The minutes after a client call — writing up what was discussed, who's doing what next, by when — are exactly the kind of task that gets deferred and then forgotten. Fathom joins your video calls, records and transcribes automatically, and produces a structured summary with action items pulled out as a separate list.
What makes it stand out among meeting-note tools is that the core functionality is free, with no meeting limit. It works with the major video call platforms, requires no setup beyond connecting your calendar, and the summaries are genuinely readable — organized by topic rather than a flat transcript dump.
Accuracy is strong for clear audio and standard business vocabulary, and noticeably weaker with crosstalk, heavy accents the model hasn't seen much of, or industry-specific jargon.
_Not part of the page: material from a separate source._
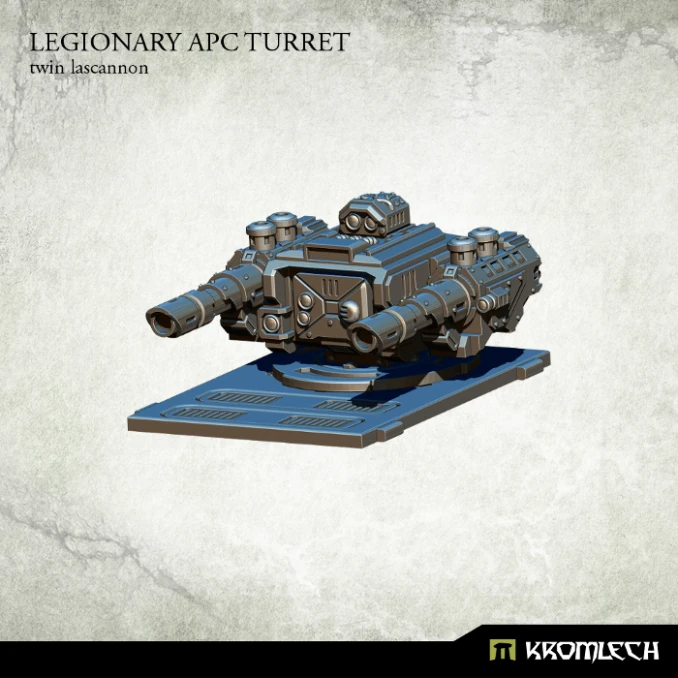 Legionary APC turret: Twin Lascannon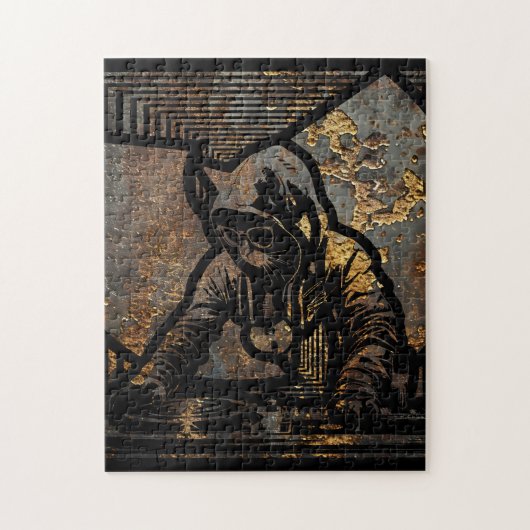 Wutang Cat DJ Style Legpuzzel (Verticaal)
For anything where the exact wording matters — a verbal commitment, a price quoted on a call — it's worth a quick check against the recording rather than trusting the summary alone.
For a business that runs even a few calls a week, this is close to a no-downside addition: it costs nothing, takes a few minutes to connect, and immediately removes the after-call admin that otherwise either eats time or gets skipped entirely — usually the latter, which is its own quiet cost.
One habit worth building immediately: skim the action-item list within the hour, not days later. The summary makes follow-through easy, but only if you actually look at it before the next thing pulls your attention away — the tool solves the writing-it-down problem, not the remembering-to-check problem.